Anthropic Releases Claude Opus 4.8, Beats Opus 4.7, GPT-5.5 On Many Benchmarks

New model releases are still coming in thick and fast from the frontier labs.

Anthropic has announced Claude Opus 4.8, the latest addition to its flagship model family, and the numbers are compelling. The new model outperforms its predecessor, Opus 4.7, across most major benchmarks — and beats OpenAI’s GPT-5.5 and Google’s Gemini 3.1 Pro in several key categories. What makes the launch particularly notable for enterprise customers: it arrives at the same price as Opus 4.7.

Claude Opus 4.8 benchmarks

What the benchmarks show

According to Anthropic’s own evaluation data, Opus 4.8 leads the pack on agentic coding (SWE-Bench Pro) with a score of 69.2%, compared to 64.3% for Opus 4.7, 58.6% for GPT-5.5, and 54.2% for Gemini 3.1 Pro. On multidisciplinary reasoning (Humanity’s Last Exam), it scores 49.8% without tools and 57.9% with tools — ahead of all three rivals. Agentic computer use (OSWorld-Verified) sees Opus 4.8 reach 83.4%, nudging past Opus 4.7’s 82.8% and comfortably ahead of GPT-5.5 (78.7%) and Gemini 3.1 Pro (76.2%). On knowledge work (GDPval-AA), it scores 1890, above GPT-5.5’s 1769 and Opus 4.7’s 1753. Agentic financial analysis (Finance Agent v2) rounds things out at 53.9%, leading the field.

The one benchmark where Opus 4.8 does not top the table is agentic terminal coding (Terminal-Bench 2.1), where GPT-5.5 leads at 78.2%. Opus 4.8 scores 74.6% there — still ahead of Gemini 3.1 Pro’s 70.3% and Opus 4.7’s 66.1%.

Speed, price, and a new Fast Mode

Alongside the model itself, Anthropic is introducing Fast Mode for Opus 4.8 — the same model running at approximately 2.5x the speed, and priced at one-third the previous cost.

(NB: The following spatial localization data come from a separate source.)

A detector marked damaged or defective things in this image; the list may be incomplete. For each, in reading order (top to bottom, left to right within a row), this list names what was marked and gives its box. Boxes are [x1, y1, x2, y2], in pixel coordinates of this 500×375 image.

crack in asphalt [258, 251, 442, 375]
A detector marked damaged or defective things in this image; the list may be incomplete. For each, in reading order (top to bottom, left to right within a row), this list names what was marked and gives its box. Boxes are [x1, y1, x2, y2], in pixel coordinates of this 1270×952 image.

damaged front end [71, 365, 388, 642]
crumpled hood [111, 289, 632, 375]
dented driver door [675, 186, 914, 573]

Developers can activate it directly in Claude Code using the /fast command. API access is available by contacting an account manager or joining the waitlist.

Built for longer, more autonomous work

Anthropic is positioning Opus 4.8 squarely at the agentic use case — tasks that require a model to work independently over extended sessions without constant human input. In Claude Code, the company says the model “makes calls like an experienced engineer without needing constant check-ins,” staying on track across long-running sessions and following work through in a repository. The pitch to developers and engineering teams is straightforward: hand off a feature build or a bug sweep and focus elsewhere while the model handles the execution.

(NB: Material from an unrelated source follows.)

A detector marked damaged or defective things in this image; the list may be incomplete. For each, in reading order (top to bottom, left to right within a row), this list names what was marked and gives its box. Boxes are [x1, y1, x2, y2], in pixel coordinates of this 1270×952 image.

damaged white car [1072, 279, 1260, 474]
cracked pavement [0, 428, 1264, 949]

Dynamic workflows: a research preview

Also shipping today is a research preview of dynamic workflows inside Claude Code. Designed for the most complex tasks — think a migration touching hundreds of files — the system allows Claude to generate a plan, spin up hundreds of parallel subagents to execute it, and verify the results before reporting back. It is Anthropic’s most direct answer yet to the growing demand for AI that can tackle large, multi-step engineering problems end-to-end.

The broader picture

Opus 4.8 continues a pattern from Anthropic: incremental but meaningful gains on core capabilities, paired with a sharper focus on agentic and enterprise workflows. The combination of benchmark improvements, same-tier pricing, and a significantly cheaper fast variant gives teams a straightforward upgrade path. For businesses already running Claude in production, the case for switching to 4.8 requires little deliberation. For those still evaluating the frontier, the benchmark performance against GPT-5.5 and Gemini 3.1 Pro adds a fresh data point to what has become an increasingly competitive field.